Forecasts are dire for investors in mining towns, with predictions expecting the boom to only last for another two years, according to Deloitte Access Economics.
The private-sector budget forecaster predicted in a new report that: “The strong bit of Australia's two-speed economy won't stay strong for more than another two years or so.”
However, Narelle Pearse, CEO at Mackay-Isaac-Whitsunday Regional Economic Development Corporation, told Smart Property Investment that the forecast is inaccurate and investors shouldn’t worry.
“In a word, no,” Ms Pearse said.
“If you have a look at the amount that mining companies are spending on new and expanded mines, plus the investment in port and infrastructure – these are big and smart companies, there is no way they’re investing that kind of money in something that’s going to end in two years.

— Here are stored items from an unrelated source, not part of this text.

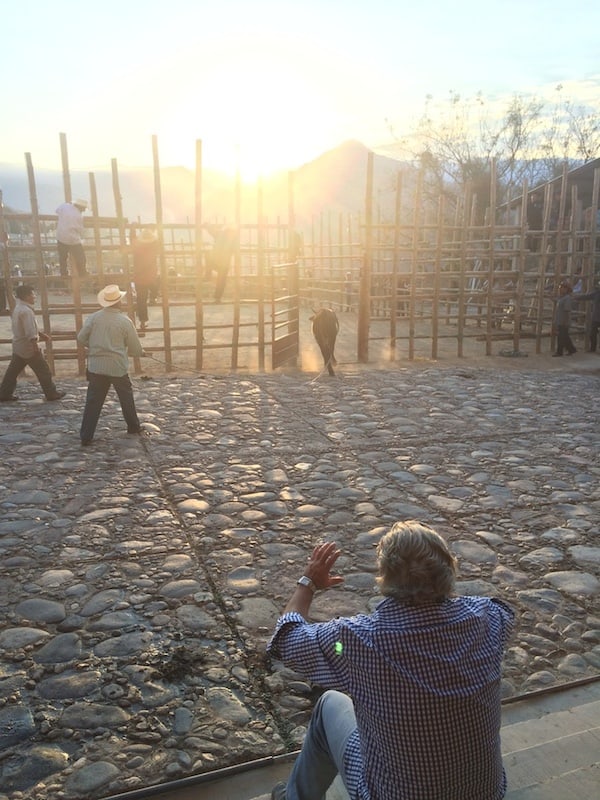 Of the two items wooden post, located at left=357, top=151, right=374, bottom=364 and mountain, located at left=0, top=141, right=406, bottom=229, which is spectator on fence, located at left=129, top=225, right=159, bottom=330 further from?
mountain, located at left=0, top=141, right=406, bottom=229

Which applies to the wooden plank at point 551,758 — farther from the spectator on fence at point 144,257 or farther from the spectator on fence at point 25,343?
the spectator on fence at point 144,257

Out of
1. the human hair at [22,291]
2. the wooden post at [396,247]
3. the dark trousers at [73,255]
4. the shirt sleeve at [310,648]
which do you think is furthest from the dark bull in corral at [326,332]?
the shirt sleeve at [310,648]

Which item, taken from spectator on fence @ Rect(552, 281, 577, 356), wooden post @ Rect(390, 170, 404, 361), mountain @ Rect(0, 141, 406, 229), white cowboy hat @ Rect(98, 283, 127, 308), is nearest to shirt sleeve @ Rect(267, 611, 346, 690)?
white cowboy hat @ Rect(98, 283, 127, 308)

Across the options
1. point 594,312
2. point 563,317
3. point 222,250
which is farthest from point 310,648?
point 594,312

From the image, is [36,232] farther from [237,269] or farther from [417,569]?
[417,569]

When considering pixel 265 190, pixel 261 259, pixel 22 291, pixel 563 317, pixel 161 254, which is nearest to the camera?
pixel 22 291

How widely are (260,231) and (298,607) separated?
30.0 ft

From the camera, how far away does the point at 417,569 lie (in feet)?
5.87

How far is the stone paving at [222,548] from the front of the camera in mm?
2656

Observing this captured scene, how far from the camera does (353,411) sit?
8125 millimetres

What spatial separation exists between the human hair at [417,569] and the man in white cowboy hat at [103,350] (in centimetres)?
521

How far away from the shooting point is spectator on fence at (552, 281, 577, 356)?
41.7 feet

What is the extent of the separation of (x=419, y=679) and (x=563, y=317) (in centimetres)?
1227

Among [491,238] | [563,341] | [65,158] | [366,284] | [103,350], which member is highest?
[65,158] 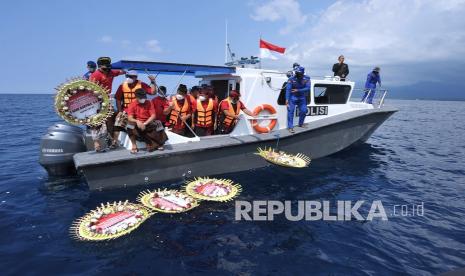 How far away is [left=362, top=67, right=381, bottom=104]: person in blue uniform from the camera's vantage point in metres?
10.4

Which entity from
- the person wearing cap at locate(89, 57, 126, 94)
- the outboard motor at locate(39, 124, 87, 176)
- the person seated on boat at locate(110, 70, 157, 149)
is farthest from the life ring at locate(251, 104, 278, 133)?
the outboard motor at locate(39, 124, 87, 176)

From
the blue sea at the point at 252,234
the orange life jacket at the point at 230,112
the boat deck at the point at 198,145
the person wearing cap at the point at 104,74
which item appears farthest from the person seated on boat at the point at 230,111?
the person wearing cap at the point at 104,74

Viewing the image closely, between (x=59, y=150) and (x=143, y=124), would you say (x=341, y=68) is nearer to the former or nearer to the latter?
(x=143, y=124)

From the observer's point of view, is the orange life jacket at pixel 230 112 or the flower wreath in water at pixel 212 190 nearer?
the flower wreath in water at pixel 212 190

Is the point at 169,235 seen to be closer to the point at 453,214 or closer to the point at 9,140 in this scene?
the point at 453,214

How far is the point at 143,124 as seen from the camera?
6.22m

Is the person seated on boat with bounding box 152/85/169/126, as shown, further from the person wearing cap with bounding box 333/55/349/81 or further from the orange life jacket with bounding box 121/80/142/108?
the person wearing cap with bounding box 333/55/349/81

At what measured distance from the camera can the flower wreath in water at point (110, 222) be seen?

“Yes, thermal coal has taken a few hits in the past quarter in terms of price, but the long-term demand is still very strong,” she said.
Despite the forecasts, mining towns continue to expand with Queensland’s Mt. Isa the most recent to plan new housing developments.
The council last week began seeking interest from property developers, with a notice online stating that “Mount Isa City Council is seeking expressions of interest to develop a future housing estate in Mount Isa known as “The Gliderport”.
This estate is expected to provide 400 parcels of residential land, a local neighbourhood shopping centre, childcare centre and public open space.”
Ms Pearse added that “we might see a slight flattening out of the market, but based on what’s already sitting there in terms of mines as well as what’s being added to the market, that type of investment will sustain jobs for the next 20 to 30 years.”
The slow down of the mining boom has also been predicted by BIS Shrapnel, as previously reported by Smart Property Investment.